息が詰まる
※不穏
「責任、取って下さいよ」
紫煙を燻らせる男の隣で、小柄な女がぽつりと呟いた。
「………ア?」
再び煙を吐き出した男___ダニエル・ロウは理解が出来ないとでも言いたげに首を傾げる。なんの責任だ。そう口に出そうとしたダニエルの言葉を女は遮る。
「…副流煙って、主流煙より身体に悪いんですよ?」
つまり、女が言いたいのは"副流煙は身体に毒だからそれを吐き出しているダニエルは責任を取るべき"ということだろう。
女は濡羽色の睫毛を持ち上げ、射貫くような瞳でダニエルを見つめた。
本気ではないのだろう。
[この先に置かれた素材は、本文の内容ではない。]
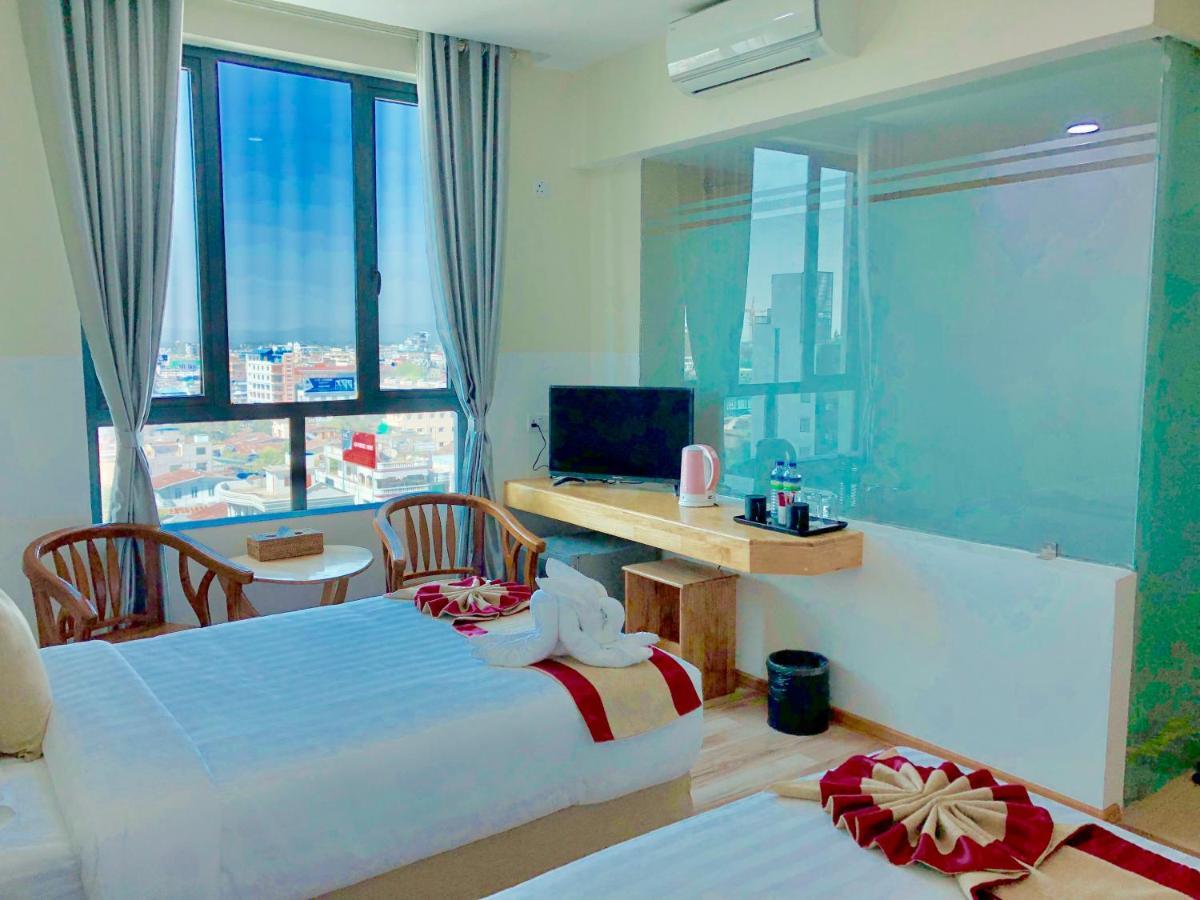 Gold Leaf Hotel Mandalay Bagian luar foto
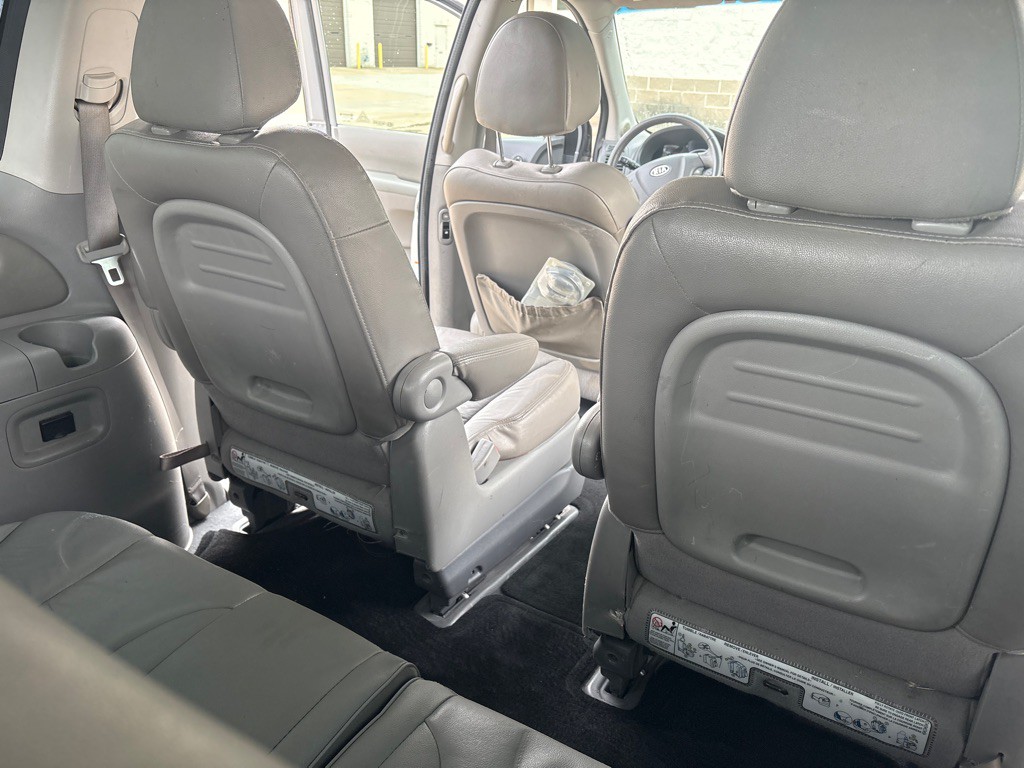 2011 Kia Sedona Image 14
この女は利口か阿呆かで言うならば阿呆の部類だが、ド阿呆ではない。そう、そんな無茶な論理で迫って来るような女ではないのだ。
それを、ダニエルは知っていた。
気持ち悪い程に静かな部屋の中、ダニエルが静かに熱の篭った息を吐き出した。そして女の聞き間違いでなければ、確かにダニエルは「仕方ねえな」と口にしたのだ。
「…真っ黒になった肺ごと迎えてやるよ」
女____春秋あきの、今にも泣き出しそうな瞳が揺れる。
だにえるくんは、ばかだなあ。細く震えた声は最後まで続く事なく苦味の広がる口付けで塞がれた。
_______随分、絆されちまったな。
足元に転がる死体なぞ、意識の外へと出て行く程に。